Abstract

Clinometrics study. To devise a way of capturing the unbiased perspectives of people living with a spinal cord injury (SCI) in assessments of mobility. SCI unit and community. Three groups of raters used the Global Impression of Change Scale (GICS) to rate change in mobility of a cohort of patients with a recent SCI. The three groups of raters were as follows: 10 people with a recent SCI, 10 people with an established SCI and 10 physiotherapists. The ratings were done after viewing 51 pairs of videos depicting one of three motor tasks: sitting unsupported, transferring and walking. Each pair of videos showed the same person performing the same motor task on two occasions. The videos were taken between 1 h and 5 months apart and presented side by side, randomly left or right, on the screen.

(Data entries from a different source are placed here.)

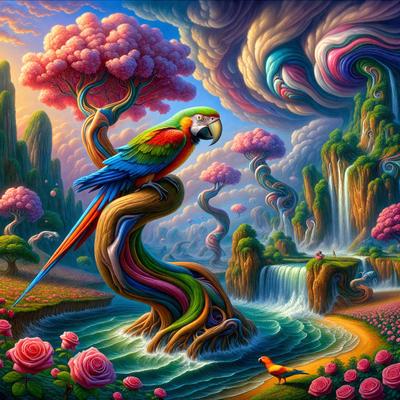 The primary subject of the image is a colorful parrot perched on a tree branch. The setting is a lush, vibrant garden with a waterfall in the background. The visual style is a digital art or illustration, featuring a mix of bright colors and intricate details. The overall atmosphere is lively and full of energy, with the parrot as the focal point of the scene.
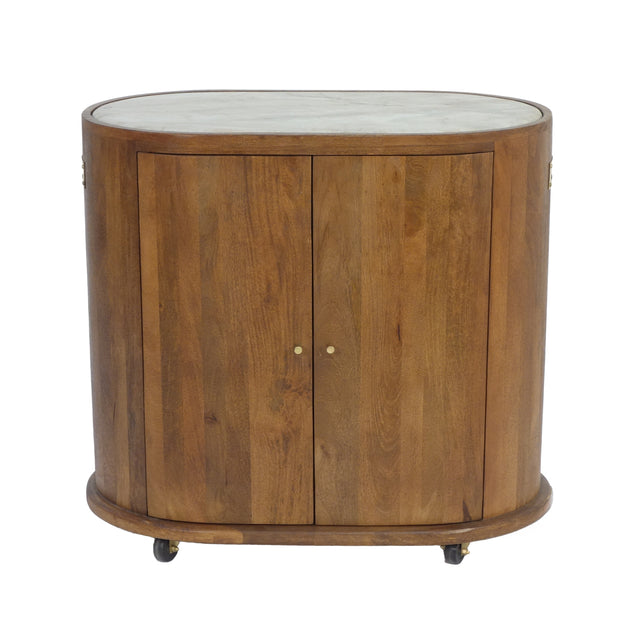 Cabinet BUDAPEST on wheels w/marble top 80x40x76cm brown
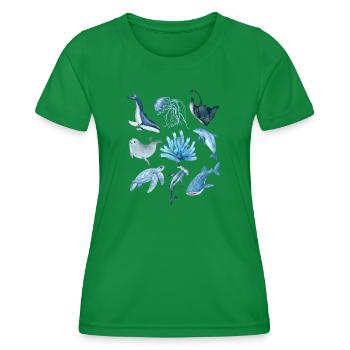 ocean animals - Women's Functional T-Shirt - kelly green - Front - AI Model Female 172 dark (172cm)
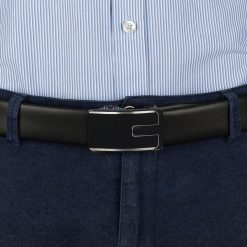 Pasek męski skórzany 3,5 cm klamra automatyczna Beltimore czarny 02-551 : Kolory - czarny, Rozmiar pasków - r.120-135 cm. Czarne paski męskie bez wzorów, ze skóry, wizytowe. Za 64.99 zł.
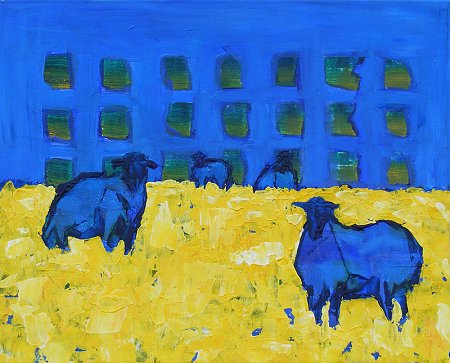 A painting of some sheep, blue sheep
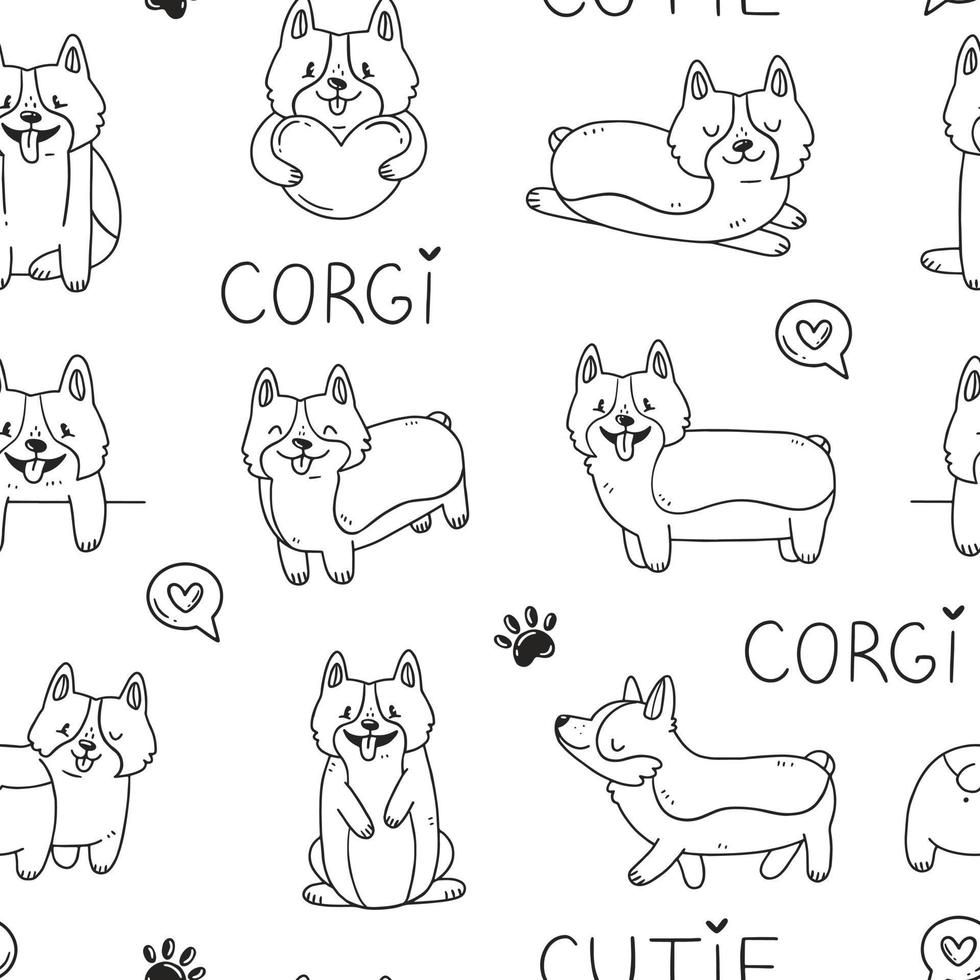 sfondo bianco e nero senza cuciture con simpatici cani corgi e scritte in stile doodle cartone animato. sfondo di illustrazione vettoriale. vettore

Raters were asked to score the amount of change in performance between the two videos on a 7-point Global Impression of Change Scale (GICS). Intra-rater reliability for the three motor tasks and three groups of raters was determined using intra-class correlation coefficients. People with an SCI were reliable at rating change in patients' abilities to transfer and walk with ICC's ranging from 0.66 to 0.81 (95% Confidence interval bounds ranging from 0.51 to 0.94). Physiotherapists were consistently but only marginally more reliable at rating than people with an SCI. Videos and the GICS may provide a way of using the unbiased perspectives of people living with spinal cord injury in assessments of mobility.